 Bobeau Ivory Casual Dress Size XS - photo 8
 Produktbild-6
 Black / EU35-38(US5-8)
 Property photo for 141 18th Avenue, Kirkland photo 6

——

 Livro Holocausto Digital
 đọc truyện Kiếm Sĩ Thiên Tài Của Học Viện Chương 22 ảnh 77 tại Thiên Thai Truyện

——

### EXERCISE BRIEF
Everything in the material above from the line that has "Bobeau Ivory Casual Dress Size XS - photo 8" through the line that has "Property photo for" must be duplicated exactly, with no other lines given.

### RESULT FOR THIS TASK
 Bobeau Ivory Casual Dress Size XS - photo 8
 Produktbild-6
 Black / EU35-38(US5-8)
 Property photo for 141 18th Avenue, Kirkland photo 6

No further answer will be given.